Beside me a pinecone falls and rolls to the edge of the dock, where the land meets the wood. And a small spry chipmunk darts out to find the new source of food. She looks questioningly at me, and at her food. Me. Food. Me. Food. I must appear harmless enough as she chooses the food and begins breaking apart the pinecone, collecting what she finds delicious and necessary for her survival. I watch in fascination as she harvests and strips the pinecone in only the way a chipmunk could. I slowly sip my coffee understanding that I am enjoying my coffee as much as she is enjoying her pinecone.
Above me, in the pine tree that overhangs the dock, I can hear chatter. At first I think that there are mice in the tree, and as I look up slowly, so as not to disturb my friends the turtle and the chipmunk, I realize that the conversation that I am now privy to is between two red headed woodpeckers. A sound I have not heard a bird make before. I imagine they are discussing the potential of food within the bark of this particular tree, and they must have agreed it fruitful as they both began, one above the other, hammering their beaks against the bark in a furious way. The knocking sound reflected their determination and also their instinct as they work together collecting what nature is providing. I sip again, in gratitude for the awareness that anything is possible when we follow our inner guidance.
As I look around at my panoramic view of the lake that only I have access to, I realize that I am the outsider, the witness to all the nature around me and I am humbled by natures acceptance of me. I notice the Great Blue Heron on the water’s edge across the lake. The frog on the lily pad to my left, the random small splashes of fish and frogs and turtle surfacing, the chickadees and nuthatches bustling in the branches above me, the ravens above circling the sky and even the spider that crawls from the cracks in the dock.
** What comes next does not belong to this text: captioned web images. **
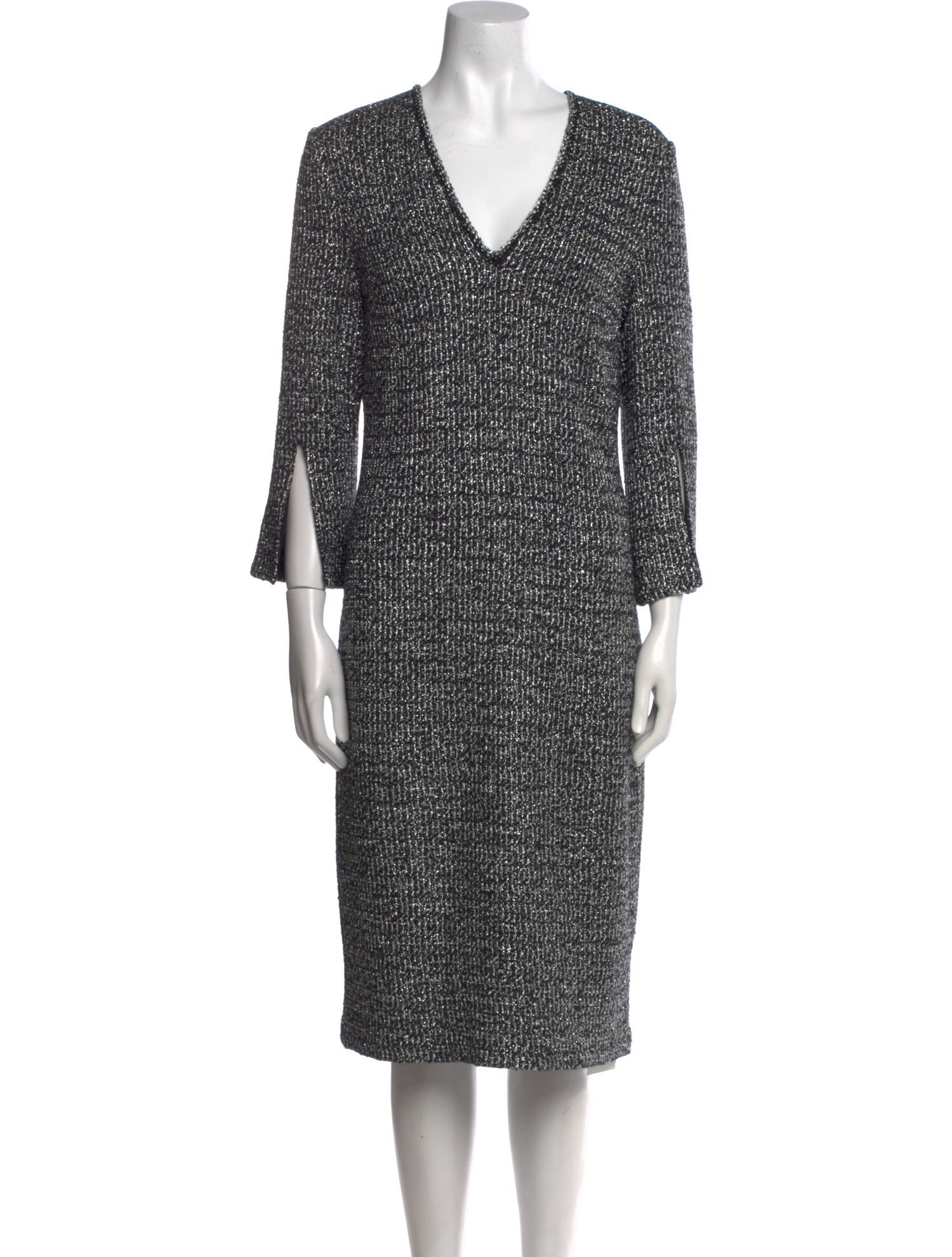 St. John Wool Midi Length Dress w/ Tags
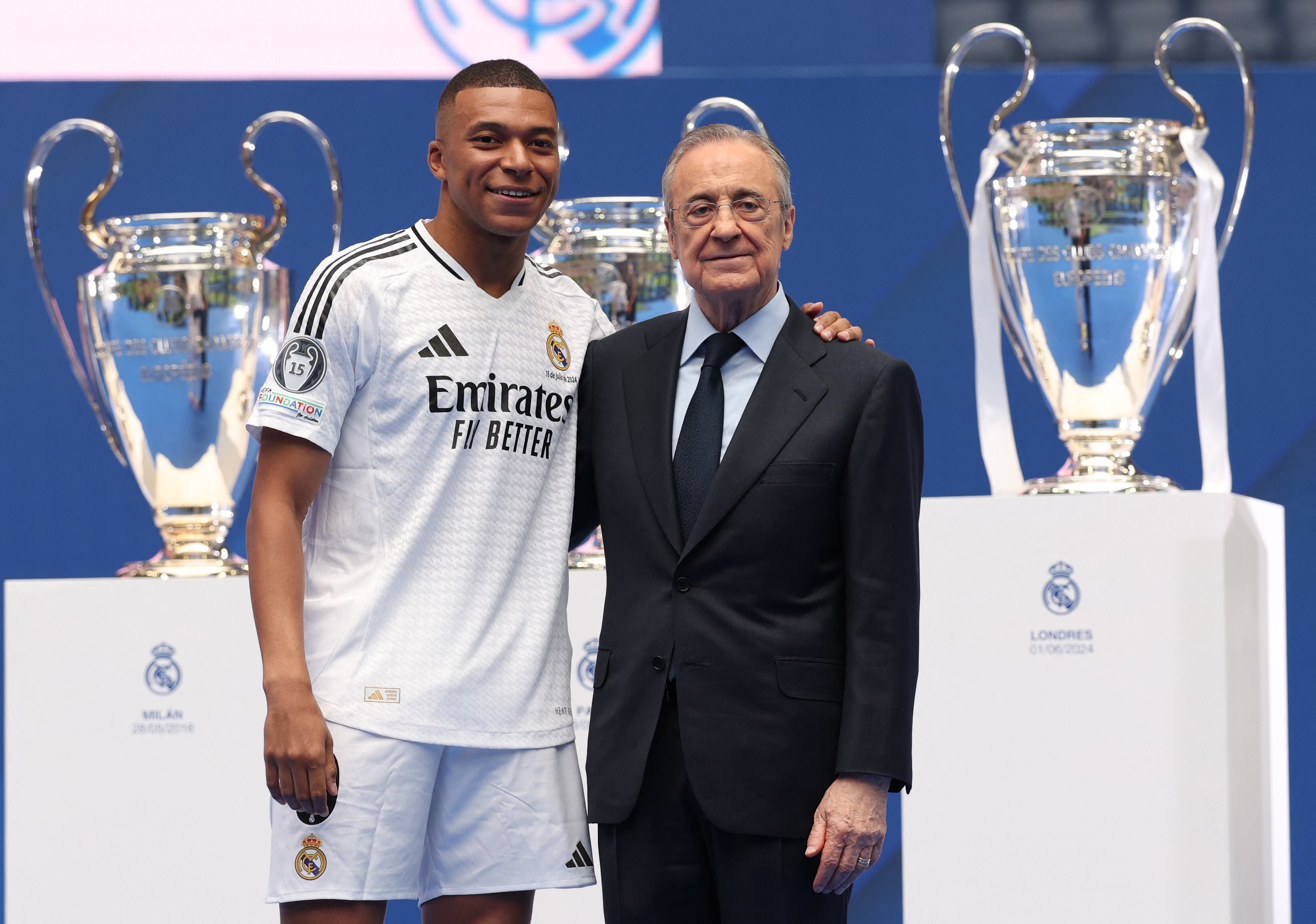 Kylian Mbappé elogia a Florentino Pérez y destaca su amor por el Real Madrid desde la infancia.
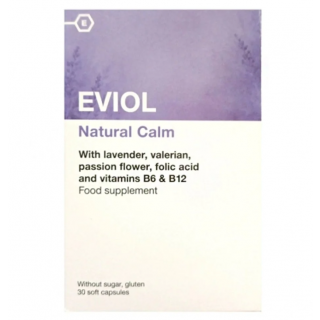 Eviol Natural Calm 30 Μαλακές Κάψουλες για την Αντιμετώπιση του Άγχους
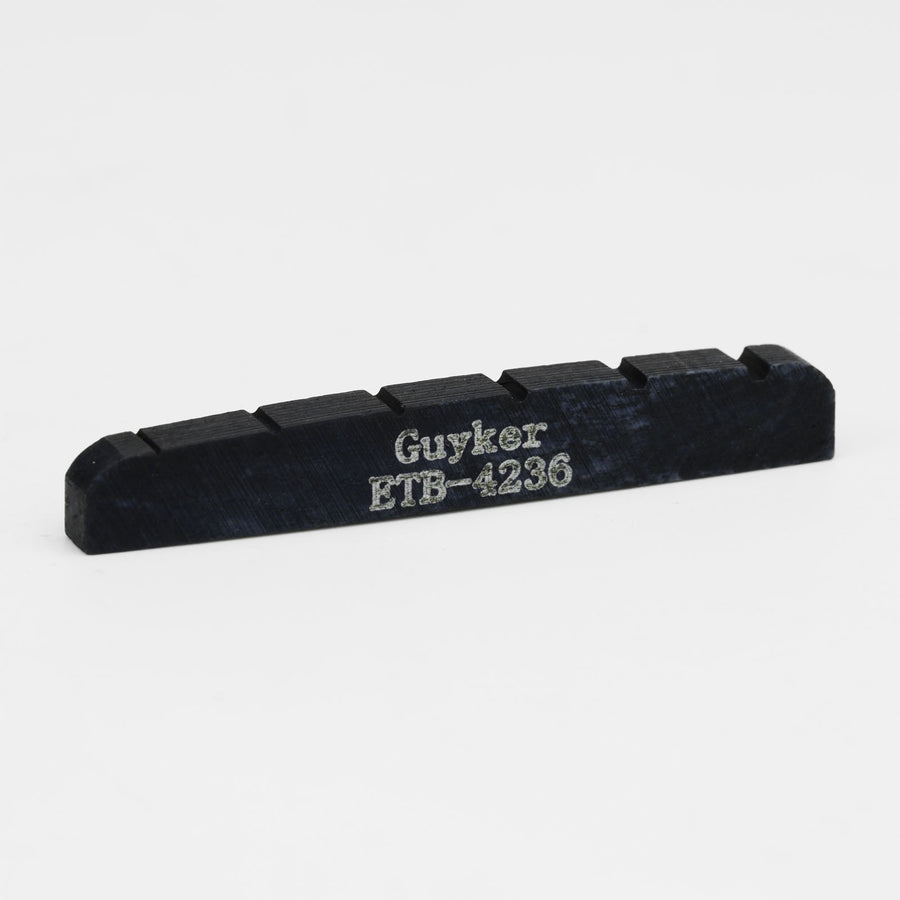 Guyker Black Bone Bass Nut Pre-Slotted Flat Bottom for 6-String Bass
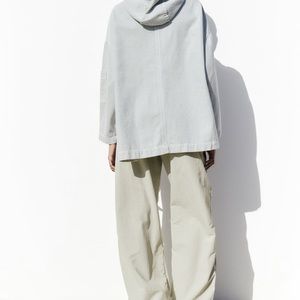 Zara Denim Pouch Pocket Sweatshirt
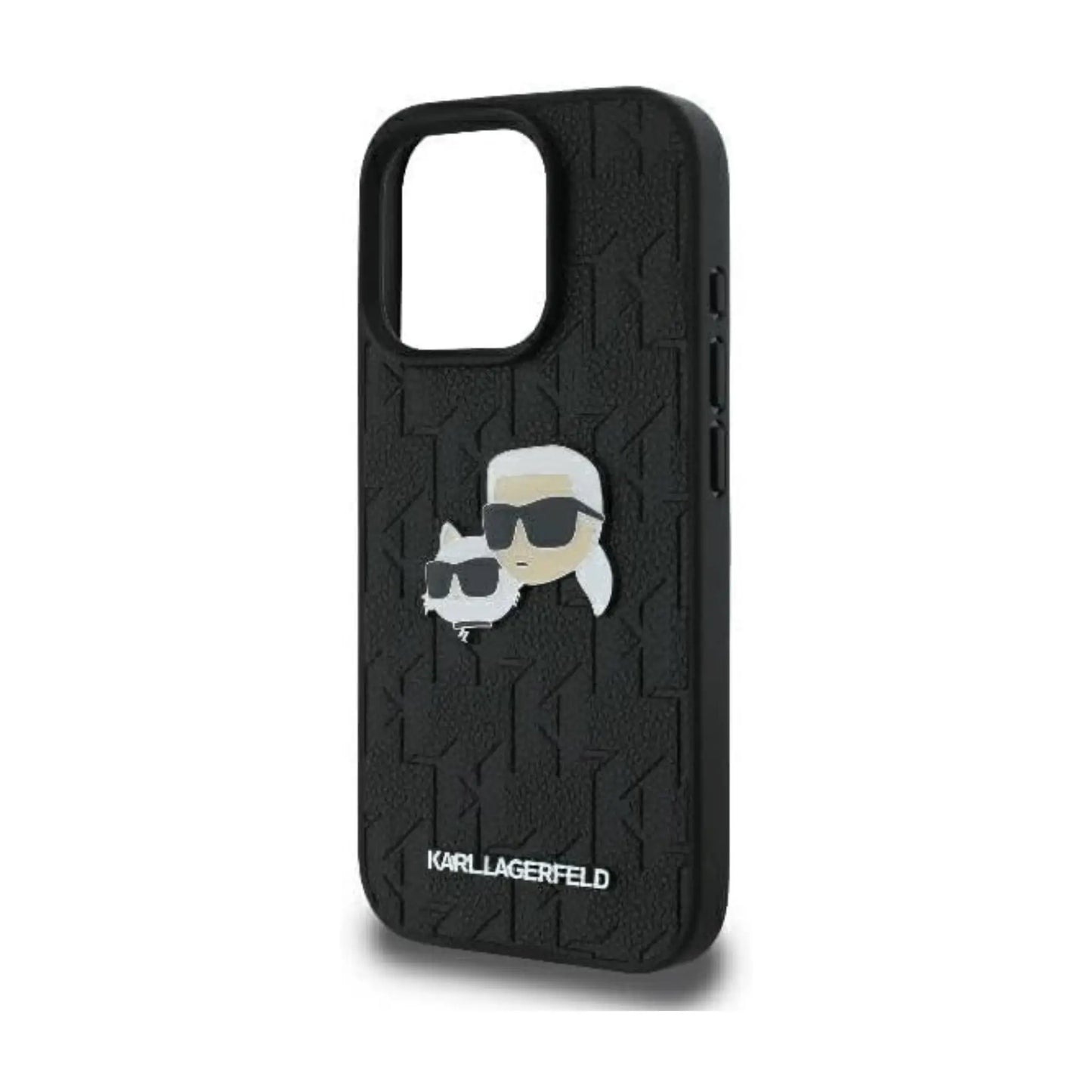 Karl Lagerfeld Hülle KLHCP16LPGKLKCPK Monogramm Karl & Choupette Schwarz – iPhone 16 Pro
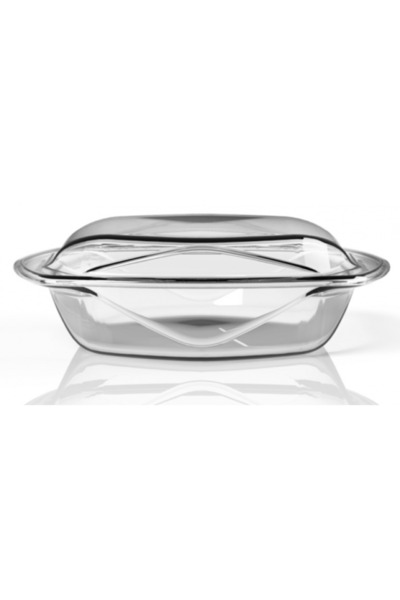 Vidivi Yena pot with lid, heat-resistant glass, 32x26x10cm
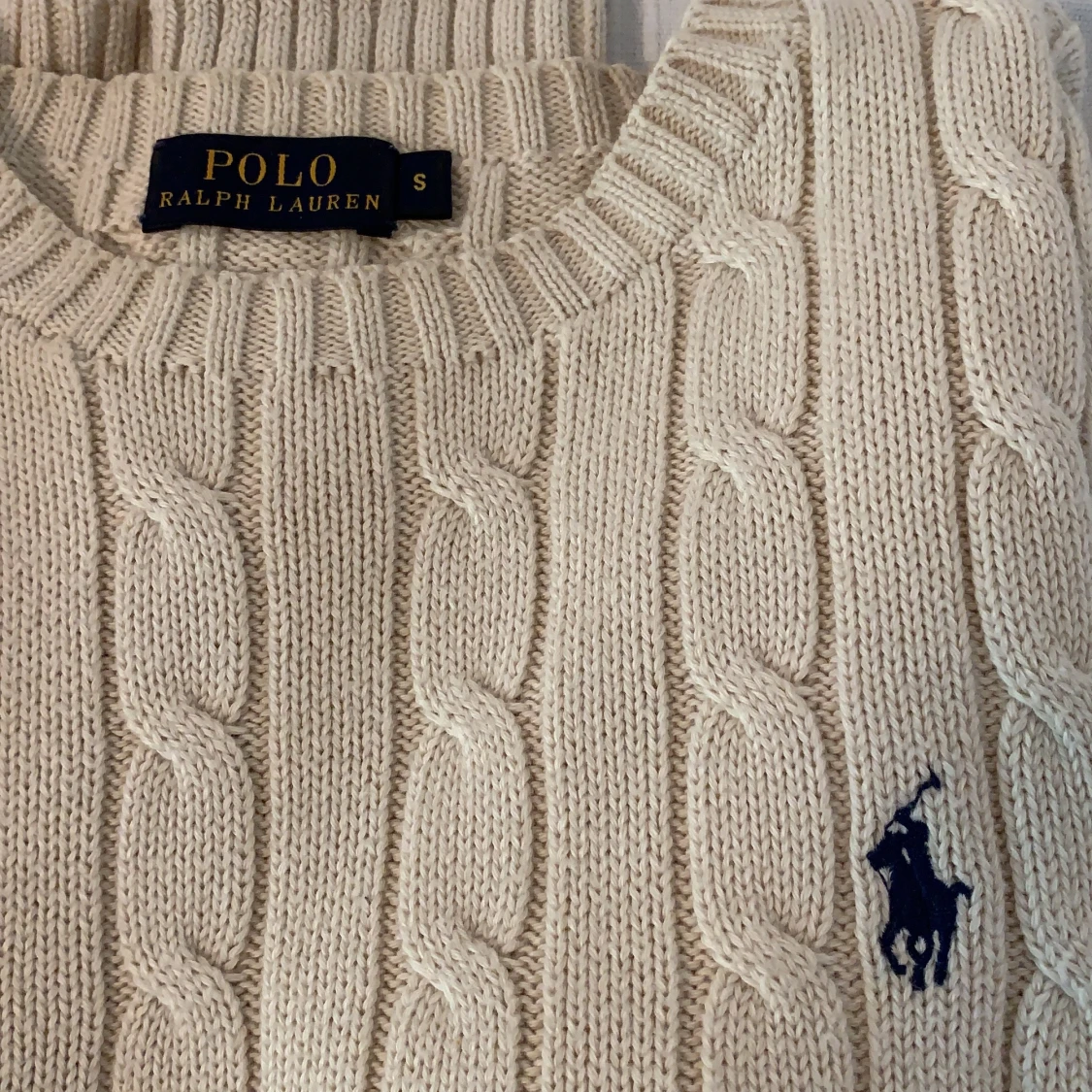 Polo Ralph Lauren Kabelstickad tröja S - 91
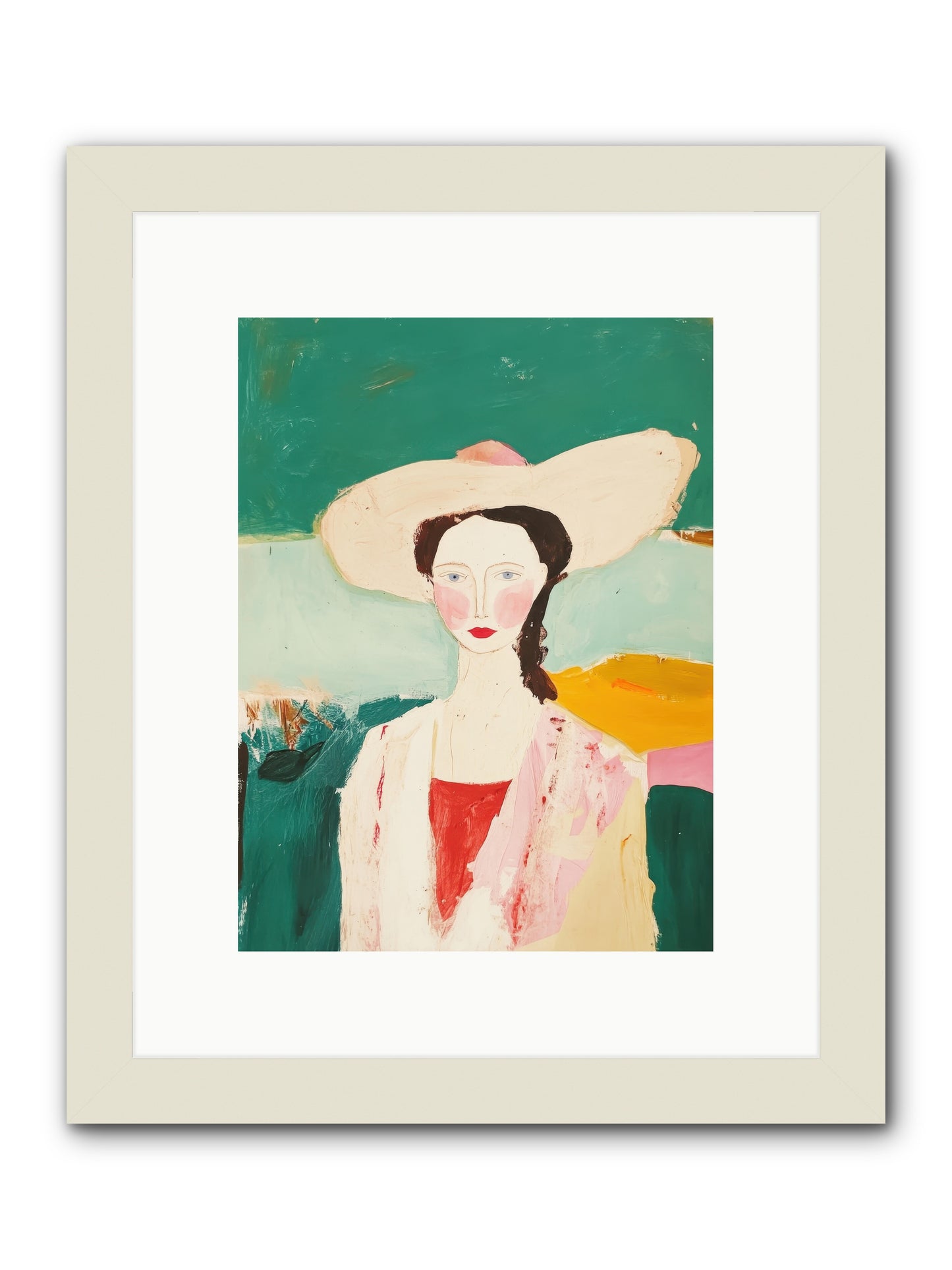 Saddle Savvy Belle -- Framed Print - White 9x12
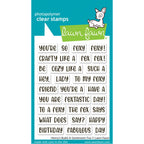 Lawn Fawn Henry's Build-A-Sentiment: Fox Stamps lf3910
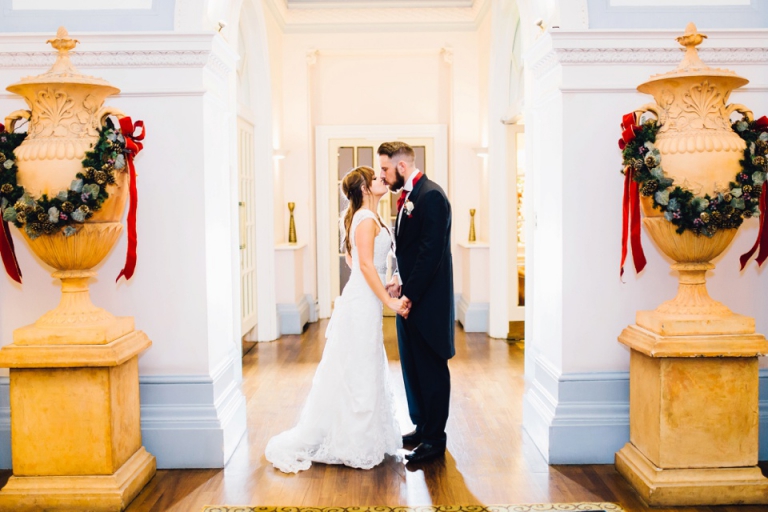 Best of wedding photography 2015 - Natural, Candid, Photojournalistic Style_beautiful christmassy off camera flash lit at Imperial Hotel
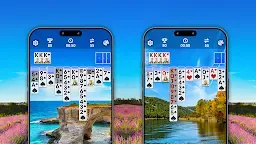 Screenshot 1: Spider Solitaire, large cards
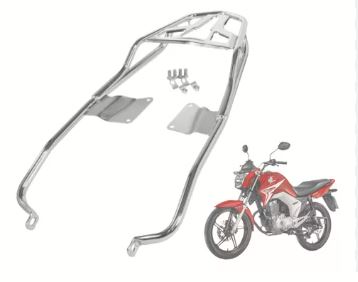 BAGAGEIRO TITAN 160 2016 FIXAÇÃO NO AMORTECEDOR j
My friend the turtle still lays basking in the sun, and my friend the chipmunk busy away with her pinecone, and the pair of woodpeckers still busy working the bark in the tree above. And I sip away, content with the flow and the beauty of this very moment.
As I marvel at the wonder of it all, the wind shifts. As if to signal that the show is over. The ripples on the lake distort the pristine reflection, and the clouds begin to travel across the sky, covering the sun momentarily. My turtle friend slips into the water, and my chipmunk friend scurries off with the pinecone in her mouth. The woodpeckers take flight and I am reminded of how quickly things change. As I sip my last sip of warm coffee, I am washed with a feeling of peace and quiet an although there is a faint hum of cottage traffic in the distance, I have a sense that this kind of acute awareness, is around us always. It is in our disconnect that we simply miss it.
I am aware that my cup of coffee this morning was mindful. It was meaningful. It was magical. It was more than a cup of coffee. It was made of a blend and comprised of moments that I will not soon forget. Even as I write this, I wonder how can I make every coffee this peaceful?